Applying Simpson’s rule for approximating the integration in (2.11) yields

$$\begin{aligned} \int _0^{2\tau }\cos {\big (\theta _l(2\tau -\omega )\big )}\widehat{(f_M^{n-1})}_l(\omega )d\omega\approx & {} \frac{\tau }{3}\Big [\cos {(2\theta _l\tau )}\widehat{(f_M^{n-1})}_l(0)\nonumber \\{} & {} +4\cos {(\theta _l\tau )}\widehat{(f_M^n)}_l(0)+\widehat{(f_M^{n+1})}_l(0)\Big ]. \end{aligned}$$
(2.12)

In practice, computing the continuous sine coefficients in (2.9)-(2.12) is difficult. Therefore, we replace the continuous sine coefficients with the discrete sine coefficients as in (2.2) and (2.3).
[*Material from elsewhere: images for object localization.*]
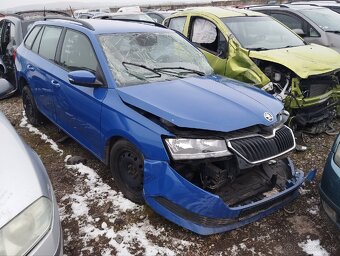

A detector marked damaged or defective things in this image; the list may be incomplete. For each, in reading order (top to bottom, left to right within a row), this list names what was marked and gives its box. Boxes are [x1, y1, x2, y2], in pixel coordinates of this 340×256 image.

crumpled hood [117, 75, 284, 132]
damaged yellow car [164, 7, 340, 133]
crumpled hood [248, 43, 340, 78]
crumpled hood [0, 112, 49, 228]
damaged front bumper [143, 157, 310, 235] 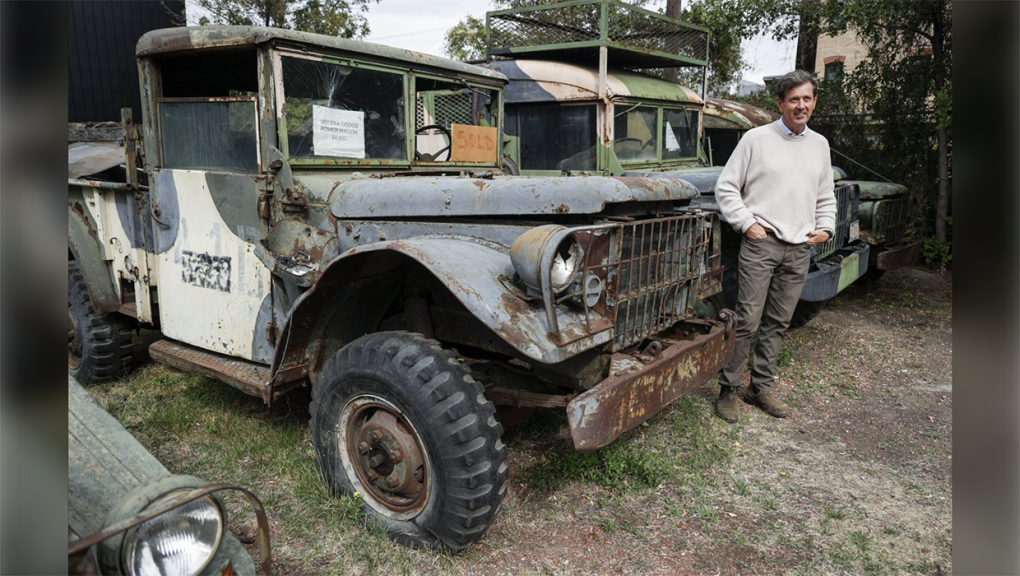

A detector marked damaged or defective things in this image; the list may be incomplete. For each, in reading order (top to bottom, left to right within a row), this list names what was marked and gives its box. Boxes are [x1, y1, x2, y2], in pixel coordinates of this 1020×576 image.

Now, we introduce the fourth-order EWI-SP scheme: Let \(u_j^n\) and \(\dot{u}_j^n (j=0, 1, \ldots , M, n=0, 1, \ldots )\) be the approximations to \(u(x_j, t_n)\) and \(u_t (x_j, t_n)\), respectively. Setting \(u_j^0=u_0(x_j)\), \(\dot{u}_j^0=u_1(x_j)\), the numerical approximations \(u^{n+1},\dot{u}^{n+1}\in X_M\) are computed as

$$\begin{aligned} u_j^{n+1}=\sum \limits _{l=1}^{M-1}\widetilde{u_l^{n+1}} \sin \left( \frac{jl\pi }{M}\right) ,\quad \dot{u}_j^{n+1}=\sum \limits _{l=1}^{M-1}\widetilde{\dot{u}_l^{n+1}} \sin \left( \frac{jl\pi }{M}\right) , \end{aligned}$$
(2.13)

where the discrete sine coefficients are computed as follows for \(n\ge 1\):

$$\begin{aligned} \widetilde{u_l^{n+1}}= & {} \cos {(2\theta _l\tau )}\widetilde{u_l^{n-1}}+\frac{\sin {(2\theta _l\tau )}}{\theta _l}\widetilde{\dot{u}_l^{n-1}} -\frac{\theta _l\tau }{3}\Big [\sin {(2\theta _l\tau )}\widetilde{f_l^{n-1}}+4\sin {(\theta _l\tau )}\widetilde{f_l^n}\Big ],\nonumber \\ \widetilde{\dot{u}_l^{n+1}}= & {} -\theta _l\sin {(2\theta _l\tau )}\widetilde{u_l^{n-1}}+\cos {(2\theta _l\tau )}\widetilde{\dot{u}_l^{n-1}}\nonumber \\{} & {} -\frac{\theta _l^2\tau }{3}\Big [\cos {(2\theta _l\tau )}\widetilde{f_l^{n-1}}+4\cos {(\theta _l\tau )}\widetilde{f_l^n}+\widetilde{f_l^{n+1}}\Big ], \end{aligned}$$
(2.14)

with

$$\begin{aligned} \widetilde{u_l^n}=\frac{2}{M}\sum \limits _{j=1}^{M-1}u_j^n \sin \left( \frac{jl\pi }{M}\right) , \hspace{20pt} \widetilde{\dot{u}_l^n}=\frac{2}{M}\sum \limits _{j=1}^{M-1}\dot{u}_j^n\sin \left( \frac{jl\pi }{M}\right) , \hspace{20pt} \widetilde{f_l^n}=\frac{2}{M}\sum \limits _{j=1}^{M-1}f(u_j^n) \sin \left( \frac{jl\pi }{M}\right) . \end{aligned}$$
(2.15)

In order to start the iteration, we need the initial values \(u^1\) and \(\dot{u}^1\).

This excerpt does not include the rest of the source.